The book is a compilation of notes that he - a member of parliament from the main opposition Republican People’s Party (CHP) - has taken since he was sentenced to 25 years in jail on June 14, 2017 on charges on “assisting a terrorist organization” and “conducting espionage.”
Meanwhile on Dec. 11, an Istanbul prosecutor demanded life in jail for three journalists and writers - Ahmet Altan (also a renowned novelist), Mehmet Altan and Nazlı Ilıcak - who have been under arrest in jail for nearly 450 days on charges of “being a member of a terrorist organization” and also of “having prior knowledge about the military coup attempt” of July 2016.
As of Dec. 10, International Day of Human Rights, there were 146 journalists, writers or media employees in prison in Turkey, according to figures compiled by the Turkish Journalists Association (TCG). As of the same day, Turkish-German journalist Deniz Yücel, accused of “spying on behalf of a terrorist organization,” had spent 300 days in jail. Social activist Osman Kavala has also already spent over 40 days behind bars.
The reason for the trial of Berberoğlu (himself a former journalist) is that he allegedly gave documents in 2015 to a journalist, Can Dündar, then editor-in-chief of center-left daily Cumhuriyet who currently lives in Germany. The documents referred to the alleged delivery of military material by Turkey’s National Intelligence Agency (MİT) to rebels in Syria, inspected by courts and gendarmerie forces in early 2014.
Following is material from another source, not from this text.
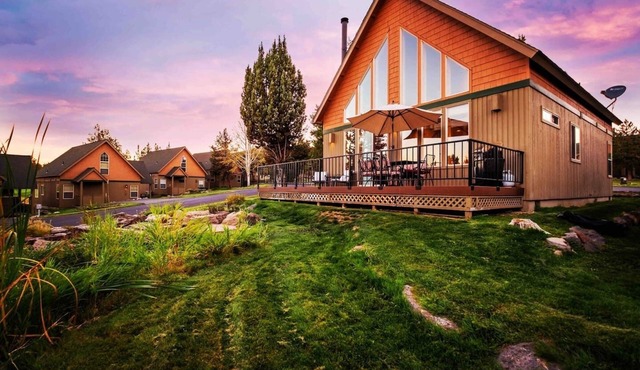 Cozy knotty pine chalet with creekside deck, BBQ, and access to pools, hot tubs, gym, golf, hiking.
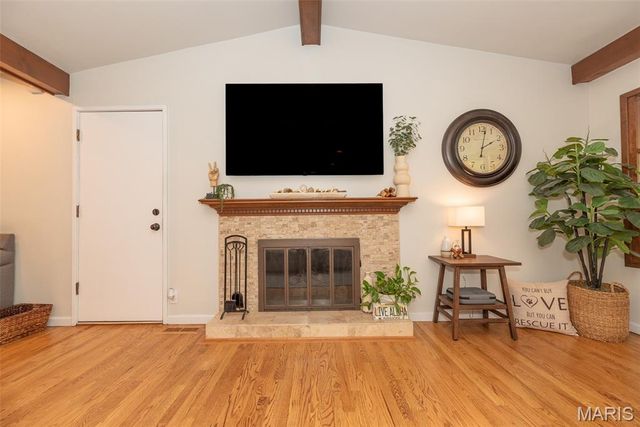 354 Greenbriar Lane, Ballwin, MO 63011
The members of the court and gendarmerie officials who tried to inspect that material were later put on trial over alleged links to the illegal network of Fethullah Gülen, the U.S.-resident Islamist preacher accused of masterminding the July 2016 coup attempt.
The day after Berberoğlu was sentenced to jail, CHP head Kemal Kılıçdaroğlu started a “Justice March” from Ankara to Istanbul (where Berberoğlu is in prison). The march covered more than 450 km and took 25 days, attempting to draw attention to “injustice,” the biggest problem in Turkey according to many opinion polls - including those carried out by the ruling Justice and Development Party (AK Parti) of President Tayyip Erdoğan.
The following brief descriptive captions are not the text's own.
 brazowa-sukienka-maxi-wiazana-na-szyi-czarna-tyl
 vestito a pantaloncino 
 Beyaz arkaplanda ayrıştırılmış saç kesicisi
Today, Kılıçdaroğlu himself is subject to a number of investigations opened by prosecutors following denunciations from the lawyers of government officials. Last week, the Interior Ministry suspended Battal İlgezdi, the mayor of the Istanbul’s Ataşehir district from the CHP.
There had already been probes against İlgezdi due to claims of real estate irregularities (some of them started upon Kılıçdaroğlu’s request). But because the latest ones came right after the forced resignation of AK Parti mayors in major cities like Istanbul, Ankara, Bursa and Balıkesir, the CHP leader has characterized the latest investigation against İlgezdi as a “revenge” operation by Erdoğan in order to distract focus from the AK Parti’s municipalities. The CHP claims that the government will suspend at least five other CHP-linked mayors, in a bid to silence Turkey’s opposition through a flurry of court cases.
Meanwhile, the Kurdish problem-focused Peoples’ Democratic Party (HDP) currently has a total of 85 mayors suspended from office. Many of them were removed from municipalities following the uprising attempt by the PKK in 2015-16, during which much blood was shed and many neighborhoods in towns in Turkey’s southeast were destroyed.
HDP Co-Chair Selahattin Demirtaş has been under arrest for over 13 months on charges of being a member of a terrorist organization (together with eight other HDP MPs). He has still yet to be able to appear at court in person. While in jail Demirtaş has written and published a book of fiction, titled “Seher,” which is at the top of the bestseller lists.
Human Rights Foundation of Turkey (TİHV) Chair Şebnem Korur Fincancı recently stressed that the abuse of human rights has increased markedly under the state of emergency, declared by the government shortly after the coup attempt.
Indeed, Turkey’s troubled rights and freedoms outlook is among the major reasons behind its increasing political gap with the West. And like a chicken-and-egg story, that gap only widens as the U.S. and the EU push Ankara away as a result of this outlook.